SHOW Token Listing di Mobee, Bangun Ekosistem Blockchain untuk Industri Film

Dok.Mobee

FACEINDONESIA.CO.ID – SHOW Token resmi memperluas ekspansi ke pasar Indonesia melalui pencatatan (listing) token utilitasnya di bursa kripto Mobee.

Langkah ini menjadi bagian dari strategi perusahaan memperluas akses masyarakat terhadap ekosistem hiburan berbasis teknologi blockchain sekaligus membuka peluang partisipasi di sektor aset digital.

Sebelumnya, SHOW Token telah diperdagangkan di sejumlah bursa kripto internasional seperti Toobit dan Bitconomy. Ekspansi ke Indonesia juga menjadi pijakan untuk meningkatkan likuiditas dan memperluas pencatatan di platform global lainnya.
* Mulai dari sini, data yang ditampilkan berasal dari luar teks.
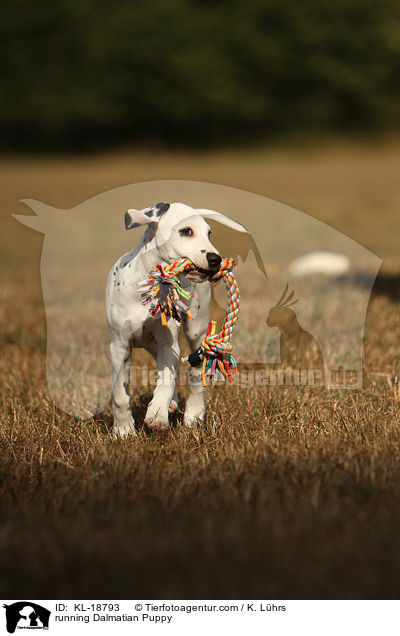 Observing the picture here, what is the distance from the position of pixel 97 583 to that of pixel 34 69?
43686 millimetres

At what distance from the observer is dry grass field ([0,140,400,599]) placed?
76.0 inches

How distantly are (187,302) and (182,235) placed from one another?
1.08ft

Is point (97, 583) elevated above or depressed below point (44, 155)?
below

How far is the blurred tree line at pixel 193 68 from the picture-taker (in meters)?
39.8

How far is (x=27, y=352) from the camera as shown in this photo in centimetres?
487

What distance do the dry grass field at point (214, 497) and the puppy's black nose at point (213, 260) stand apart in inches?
30.0

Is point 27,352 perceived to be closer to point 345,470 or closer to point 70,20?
point 345,470

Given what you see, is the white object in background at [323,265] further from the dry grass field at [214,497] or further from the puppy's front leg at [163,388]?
the puppy's front leg at [163,388]

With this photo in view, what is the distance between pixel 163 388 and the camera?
2938mm

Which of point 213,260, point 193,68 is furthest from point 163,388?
point 193,68

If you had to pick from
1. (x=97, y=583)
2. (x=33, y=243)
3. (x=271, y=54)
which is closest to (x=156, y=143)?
(x=271, y=54) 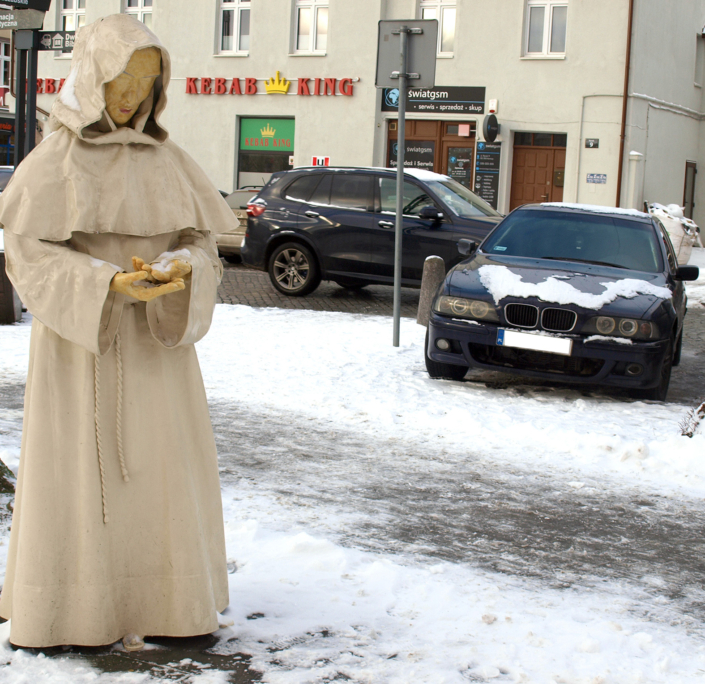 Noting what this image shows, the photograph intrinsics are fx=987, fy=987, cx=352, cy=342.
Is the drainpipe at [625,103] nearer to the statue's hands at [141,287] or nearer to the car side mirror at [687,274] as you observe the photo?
the car side mirror at [687,274]

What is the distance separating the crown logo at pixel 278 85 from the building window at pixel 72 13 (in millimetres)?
7138

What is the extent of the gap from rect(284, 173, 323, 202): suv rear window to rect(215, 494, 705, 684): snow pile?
993cm

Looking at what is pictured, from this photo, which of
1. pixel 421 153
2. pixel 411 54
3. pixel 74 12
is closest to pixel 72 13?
pixel 74 12

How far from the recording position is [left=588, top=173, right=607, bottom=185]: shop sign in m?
24.6

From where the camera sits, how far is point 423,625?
3514 millimetres

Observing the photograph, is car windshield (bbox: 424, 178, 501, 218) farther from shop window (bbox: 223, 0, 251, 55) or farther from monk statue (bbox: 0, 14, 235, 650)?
shop window (bbox: 223, 0, 251, 55)

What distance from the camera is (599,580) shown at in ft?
13.4

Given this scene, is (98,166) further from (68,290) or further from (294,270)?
(294,270)

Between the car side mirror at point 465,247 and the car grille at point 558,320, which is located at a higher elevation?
the car side mirror at point 465,247

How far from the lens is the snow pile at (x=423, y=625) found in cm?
318

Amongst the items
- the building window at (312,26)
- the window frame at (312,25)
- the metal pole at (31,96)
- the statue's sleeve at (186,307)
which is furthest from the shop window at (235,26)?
the statue's sleeve at (186,307)

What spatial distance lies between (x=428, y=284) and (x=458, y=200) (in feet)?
8.84

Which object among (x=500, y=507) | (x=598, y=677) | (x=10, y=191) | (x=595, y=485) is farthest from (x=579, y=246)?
(x=10, y=191)

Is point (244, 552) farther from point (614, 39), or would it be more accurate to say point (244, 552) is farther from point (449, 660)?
point (614, 39) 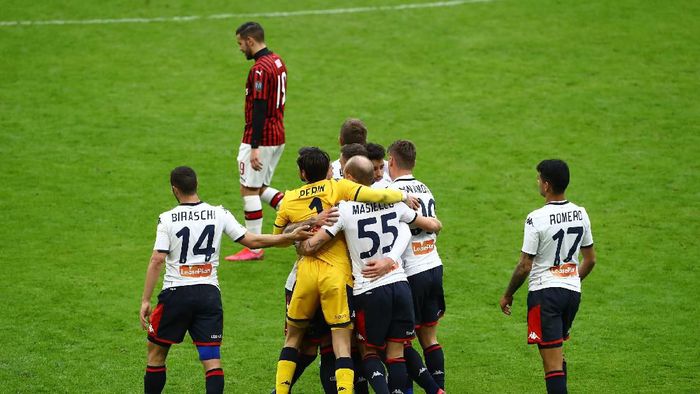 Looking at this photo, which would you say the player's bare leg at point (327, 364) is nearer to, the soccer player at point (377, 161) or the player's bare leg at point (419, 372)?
the player's bare leg at point (419, 372)

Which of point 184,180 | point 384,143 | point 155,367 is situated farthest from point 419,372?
point 384,143

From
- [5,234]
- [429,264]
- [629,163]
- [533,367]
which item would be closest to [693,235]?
[629,163]

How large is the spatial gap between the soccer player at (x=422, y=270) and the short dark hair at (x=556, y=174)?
1.11 m

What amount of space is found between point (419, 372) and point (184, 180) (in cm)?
269

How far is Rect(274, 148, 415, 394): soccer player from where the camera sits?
8.49 metres

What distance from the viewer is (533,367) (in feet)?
33.8

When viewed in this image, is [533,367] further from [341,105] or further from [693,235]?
[341,105]

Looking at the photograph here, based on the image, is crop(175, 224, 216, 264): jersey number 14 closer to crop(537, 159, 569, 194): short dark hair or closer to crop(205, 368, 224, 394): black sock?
crop(205, 368, 224, 394): black sock

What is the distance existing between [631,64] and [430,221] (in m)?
11.8

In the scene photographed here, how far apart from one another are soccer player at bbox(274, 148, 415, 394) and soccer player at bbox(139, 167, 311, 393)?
252mm

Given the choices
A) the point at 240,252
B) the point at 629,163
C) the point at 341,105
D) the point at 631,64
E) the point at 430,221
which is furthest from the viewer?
the point at 631,64

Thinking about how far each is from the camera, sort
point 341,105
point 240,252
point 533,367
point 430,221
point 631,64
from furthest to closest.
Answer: point 631,64 → point 341,105 → point 240,252 → point 533,367 → point 430,221

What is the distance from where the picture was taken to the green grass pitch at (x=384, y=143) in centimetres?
1062

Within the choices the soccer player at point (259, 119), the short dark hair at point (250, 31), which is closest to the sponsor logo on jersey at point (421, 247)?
the soccer player at point (259, 119) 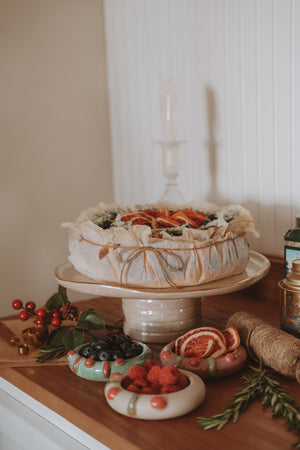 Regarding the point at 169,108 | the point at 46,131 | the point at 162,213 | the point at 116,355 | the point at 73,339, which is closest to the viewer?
the point at 116,355

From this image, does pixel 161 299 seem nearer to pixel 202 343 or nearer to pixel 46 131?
pixel 202 343

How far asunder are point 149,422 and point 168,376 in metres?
0.06

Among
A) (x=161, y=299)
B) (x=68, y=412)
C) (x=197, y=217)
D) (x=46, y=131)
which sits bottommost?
(x=68, y=412)

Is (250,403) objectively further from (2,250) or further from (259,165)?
(2,250)

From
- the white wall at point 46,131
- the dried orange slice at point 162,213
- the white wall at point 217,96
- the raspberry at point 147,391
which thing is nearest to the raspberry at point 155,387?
the raspberry at point 147,391

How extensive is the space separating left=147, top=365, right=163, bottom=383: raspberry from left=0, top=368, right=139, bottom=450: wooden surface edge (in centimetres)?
8

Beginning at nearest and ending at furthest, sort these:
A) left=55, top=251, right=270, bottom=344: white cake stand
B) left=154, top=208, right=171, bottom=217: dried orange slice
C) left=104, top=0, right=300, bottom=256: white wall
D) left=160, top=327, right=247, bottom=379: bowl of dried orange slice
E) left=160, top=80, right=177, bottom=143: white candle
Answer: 1. left=160, top=327, right=247, bottom=379: bowl of dried orange slice
2. left=55, top=251, right=270, bottom=344: white cake stand
3. left=154, top=208, right=171, bottom=217: dried orange slice
4. left=104, top=0, right=300, bottom=256: white wall
5. left=160, top=80, right=177, bottom=143: white candle

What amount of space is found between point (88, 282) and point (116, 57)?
0.87 meters

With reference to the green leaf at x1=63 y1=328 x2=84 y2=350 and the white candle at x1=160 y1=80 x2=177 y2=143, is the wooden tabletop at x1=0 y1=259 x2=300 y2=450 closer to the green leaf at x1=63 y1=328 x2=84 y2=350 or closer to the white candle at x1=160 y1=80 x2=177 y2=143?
the green leaf at x1=63 y1=328 x2=84 y2=350

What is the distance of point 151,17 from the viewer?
1.32 m

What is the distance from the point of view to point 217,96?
1.17 meters

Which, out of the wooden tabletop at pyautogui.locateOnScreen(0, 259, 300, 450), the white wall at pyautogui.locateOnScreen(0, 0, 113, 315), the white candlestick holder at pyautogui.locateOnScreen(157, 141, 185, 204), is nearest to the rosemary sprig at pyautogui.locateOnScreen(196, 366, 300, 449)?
the wooden tabletop at pyautogui.locateOnScreen(0, 259, 300, 450)

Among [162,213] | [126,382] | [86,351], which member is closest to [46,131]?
[162,213]

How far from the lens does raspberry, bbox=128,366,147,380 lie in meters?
0.64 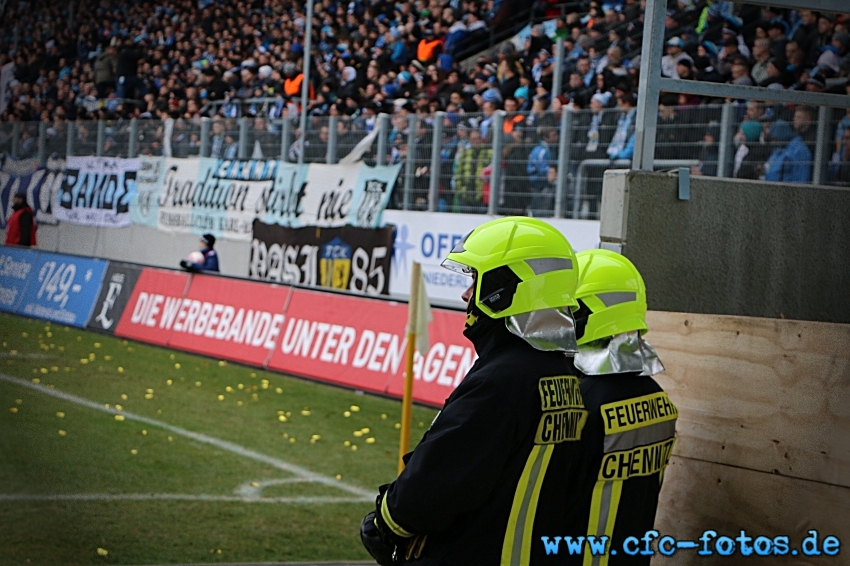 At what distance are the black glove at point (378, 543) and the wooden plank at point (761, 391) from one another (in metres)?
1.38

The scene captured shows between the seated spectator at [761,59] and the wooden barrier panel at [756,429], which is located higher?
the seated spectator at [761,59]

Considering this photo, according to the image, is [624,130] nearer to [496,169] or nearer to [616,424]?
[496,169]

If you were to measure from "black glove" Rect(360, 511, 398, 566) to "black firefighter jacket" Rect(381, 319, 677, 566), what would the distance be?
8 centimetres

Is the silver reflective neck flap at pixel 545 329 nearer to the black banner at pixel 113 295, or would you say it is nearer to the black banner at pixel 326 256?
the black banner at pixel 326 256

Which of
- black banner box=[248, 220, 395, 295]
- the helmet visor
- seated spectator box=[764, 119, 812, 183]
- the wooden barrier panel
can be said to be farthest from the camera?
black banner box=[248, 220, 395, 295]

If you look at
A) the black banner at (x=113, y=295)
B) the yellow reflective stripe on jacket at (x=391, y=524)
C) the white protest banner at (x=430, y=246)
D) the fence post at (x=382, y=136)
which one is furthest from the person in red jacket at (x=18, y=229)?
the fence post at (x=382, y=136)

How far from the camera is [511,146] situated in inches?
615

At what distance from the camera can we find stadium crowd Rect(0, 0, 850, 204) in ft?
37.2

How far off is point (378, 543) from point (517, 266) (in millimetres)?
858

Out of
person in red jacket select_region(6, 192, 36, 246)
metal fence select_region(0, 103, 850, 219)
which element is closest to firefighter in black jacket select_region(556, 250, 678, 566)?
person in red jacket select_region(6, 192, 36, 246)

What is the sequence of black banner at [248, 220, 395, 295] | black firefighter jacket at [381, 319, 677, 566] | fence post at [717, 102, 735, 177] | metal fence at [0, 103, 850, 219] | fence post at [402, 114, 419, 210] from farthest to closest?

SHOW Token dikembangkan menggunakan jaringan Ethereum ERC-20 yang dikenal mendukung keamanan tinggi dan teknologi smart contract. Perusahaan menetapkan total pasokan sebanyak 100 juta token guna menjaga stabilitas dan keberlanjutan ekosistem.

Untuk memperkuat pengembangan di Asia Tenggara, SHOW Token menyiapkan investasi senilai 100 juta dolar AS yang difokuskan pada penguatan ekonomi kreatif, terutama industri hiburan di Indonesia.

Chief Operating Officer (COO) SHOW Token Joshua Khubani mengatakan, pencatatan di Mobee diharapkan mempermudah akses investor dan komunitas Indonesia untuk terlibat dalam ekosistem yang dibangun perusahaan.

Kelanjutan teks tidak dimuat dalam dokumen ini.